= Larry Greenfield =

American Republican Jewish activist and political commentator

Larry Greenfield (January 29, 1962 – January 28, 2022) was an American public intellectual, political commentator, wealth advisor, and columnist. He was a fellow at the Claremont Institute in Claremont, California and the Founding Executive Director of the Reagan Legacy Foundation. With a background in business, law, the military, politics, and policy. Greenfield lectured widely on such topics as American foreign policy, missile defense, and the Arab-Israeli conflict as well as domestic political issues. Larry Greenfield was a longtime Republican Jewish activist. On February 9, 2012, he was named National Executive Director of the Jewish Institute for National Security Affairs in Washington. In 2013, Greenfield returned to California to manage the Los Angeles office of Arete Wealth Management. Greenfield then launched a successful private practice, Greenfield Wealth Management, in Woodland Hills, California.

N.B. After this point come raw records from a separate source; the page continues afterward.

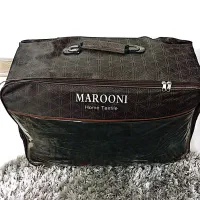 روتختی|سرویس روتختی|قم, شهرک قدس|دیوار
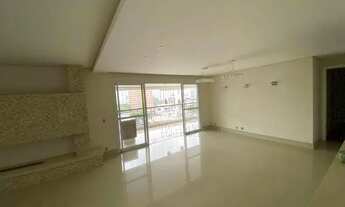 Imagem 6: Apartamento com 5 dormitórios, 330 m² - venda por R$ 3.600.000,00 ou aluguel por R$ 19.100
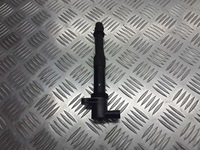 фото thumb №1, Котушка запалювання fiat stilo bae403b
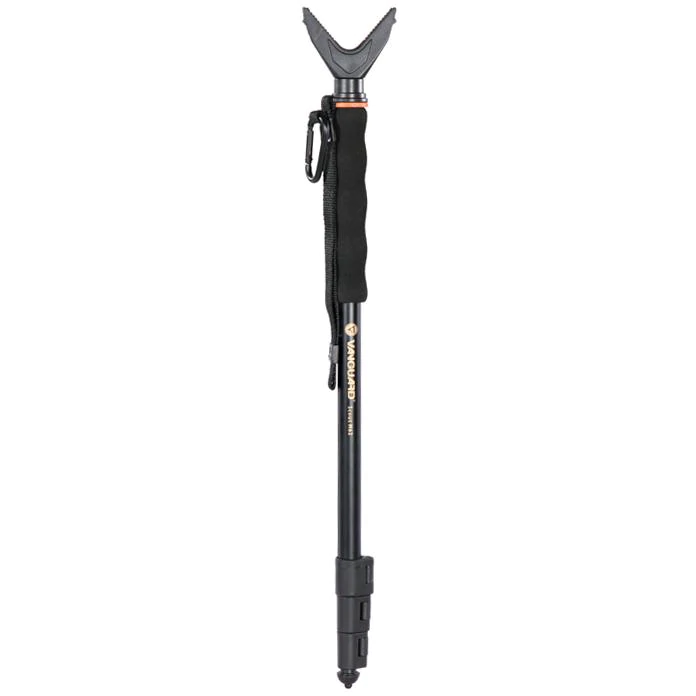Vanguard Scout M62 skydestok 1 ben, billede 1 af 5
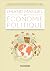 Grand manuel d'économie politique by Association française d'éco... Grand manuel d'économie politique by Association française d'éco...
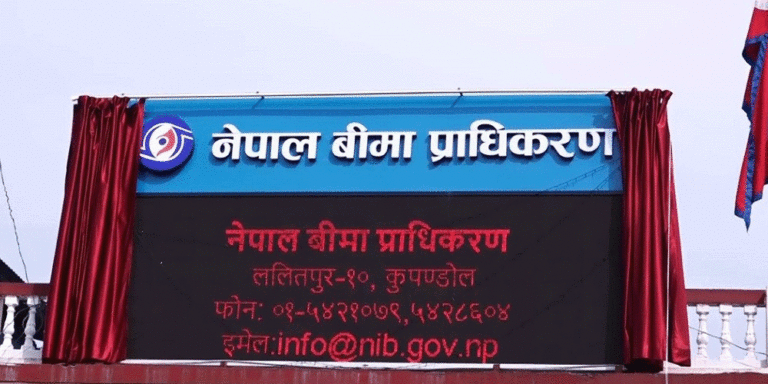 The current image has no alternative text. The file name is: beema.gif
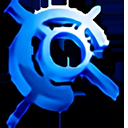 CAXA CAD电子图板2025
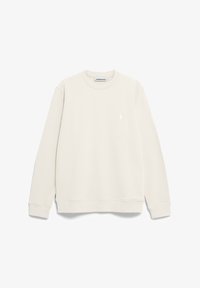 Niet geselecteerd, oatmilk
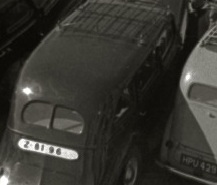 Z-8196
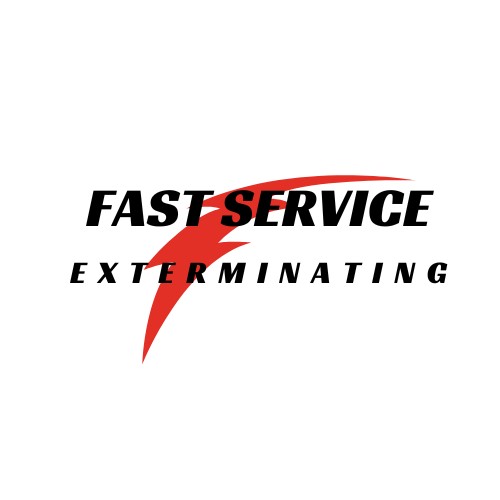 Fast Service Exterminating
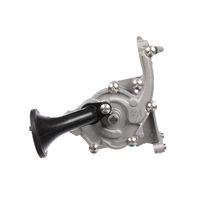 Thumbnail - Oliepomp - PU0139 - ET ENGINETEAM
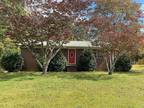 Homes for Sale by owner in Linwood, NC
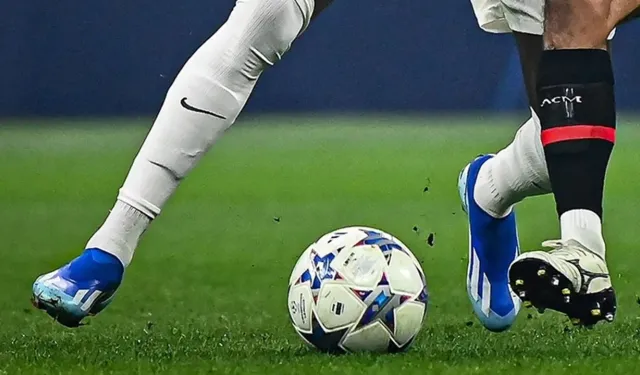 Süper Lig'de Yabancı VAR Dönemi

==Early life and education ==
Greenfield was born in Long Beach, California the son of Judge Leslie H. Greenfield and Alice (née: Lieberman). He graduated from the University of California at Berkeley (1983) in three years as Class Speaker and earned his J.D. degree from the Georgetown University Law Center in Washington, D.C. (1986).

==Career==
Admitted to the California bar in 1987, Greenfield worked in law and business in Los Angeles, CA. He also served in the Armed Forces of the United States in Naval Intelligence Reserves. He was California Director of the Republican Jewish Coalition (2004–2008) and was a member of the executive committee of the California Republican Party.

Greenfield was a fellow of the Claremont Institute and the American Freedom Alliance. He was the Founding Executive Director of the Reagan Legacy Foundation, a non-profit educational foundation promoting the life, legacy, and leadership of former President Ronald Reagan.

Greenfield was a frequent lecturer and debater on foreign policy issues, including the Middle East conflict and the West's response to the rise of radical Islam. He also addressed such domestic issues as energy, economy, education, and mass culture. Greenfield delivered some 100 lectures annually to civic, student, conference and political groups.

Greenfield commented frequently in the media, including regular appearances on such popular radio stations as San Francisco's KSFO, San Diego's KCBQ, Palm Springs' KNWZ, and Los Angeles' KKLA. At The Claremont Institute, he produced a weekly podcast, BEDROCK with Larry Greenfield.

Greenfield was a strong critic of the left for "opposing parents and students seeking school choice and competition, the elderly seeking health care choice, and younger workers and small businesses seeking entitlement reform and personal retirement savings plans."

Greenfield was a noted advocate for capital punishment under certain circumstances. He spoke out on national television against clemency for Stanley Tookie Williams, whom he claims did not admit nor repent for his murders nor for being a founder of the Crips supergang. Governor Schwarzenegger denied the appeal for clemency. Williams was executed.

Greenfield served on the advisory board of the Endowment for Middle East Truth and on the Board of the Israel-Christian Nexus.

==Death==
Greenfield died on January 28, 2022.